In fact, it is the impossible that keeps the movement going—after all, one’s quest for purity, in realms spiritual and otherwise, is always an exercise in futility. So there’s always something to do, to pray for, to fast over, to repent for, and to ask for money for. All of that aspiration—and the money funding the revivals that are supposedly needed to win more souls to the chaste life of devotion to a puritanical Christ—provides the fuel that keeps God TV going.

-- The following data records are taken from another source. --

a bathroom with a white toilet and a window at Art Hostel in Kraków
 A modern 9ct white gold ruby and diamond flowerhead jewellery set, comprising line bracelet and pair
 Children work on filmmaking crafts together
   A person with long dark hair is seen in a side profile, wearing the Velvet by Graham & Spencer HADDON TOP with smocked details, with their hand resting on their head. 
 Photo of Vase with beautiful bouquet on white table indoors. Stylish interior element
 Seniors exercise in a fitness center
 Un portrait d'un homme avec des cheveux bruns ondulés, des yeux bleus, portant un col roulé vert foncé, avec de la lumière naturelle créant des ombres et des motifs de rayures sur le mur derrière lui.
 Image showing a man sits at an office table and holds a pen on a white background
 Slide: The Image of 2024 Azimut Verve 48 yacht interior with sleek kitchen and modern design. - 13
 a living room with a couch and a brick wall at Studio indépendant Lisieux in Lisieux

For the Alecs, the evils of the secular world provide plenty of ammunition. Through a prayer revival in Great Britain, Alec claims God told her, “the stupor and the slumber and the secular humanistic spirits that have bound My people in this nation shall start to uproot.” In early 2007, she claimed that God told her He was preparing, “to pour out from heaven the ferocious fire of my spirit” on the West Coast of America—a “fresh new breath upon California” and not, Alec insisted, a mere repeat of the 1906 Azusa Street Revival. She said God promised a “cleansing” of Los Angeles and its “gatekeepers of the media and the entertainment industry.” And she warned the city of San Francisco, “overwhelm[ed]” by “the weight of sin,” that it would be “brought to your knees.”

With their headquarters now in Jerusalem, God TV liberally draws on the trend in both the Word of Faith and apostolic and prophetic movements of “getting back to your Jewish roots.” The increasing embrace of Hebraic Christianity is often described as a desire to grasp the theological connections between Judaism and Christianity and adopt Jewish traditions in honor, Hebraic Christians say, of the debt they owe their Jewish forebears. In some contexts Hebraic Christians openly describe their desire to prepare for Christ’s return when everyone will be following the teachings of a rabbi. Still others believe that Hebraic Christians will be part of the “remnant” of 144,000 evangelists described in the Book of Revelation who will preach the Gospel to non-believers during the Tribulation period. What is clear about Hebraic Christianity, however, is that it awaits the Second Coming, when all the Jews will realize Jesus is the Messiah they’ve been waiting for.

Amazingly, the Alecs, who beam their broadcasts around the world from Jerusalem, are without apology using Israel’s 60th anniversary as a celebration of the power of belief in Jesus to perform miracles in your life. While 1,700 followers joined the Alecs in Jerusalem recently, the ones that couldn’t sent in their requests for prayer, read aloud by the Alecs in an “Up to Jerusalem” special edition of their program, “Behind the Screens.” They read each request with the same bland cheerfulness, as if they all were of equal gravity: a request for healing from HIV, a prayer for a decent boyfriend, a supplication for financial blessing, and, from a viewer in the Czech Republic, a prayer that “that all the Jewish people will know Jesus.”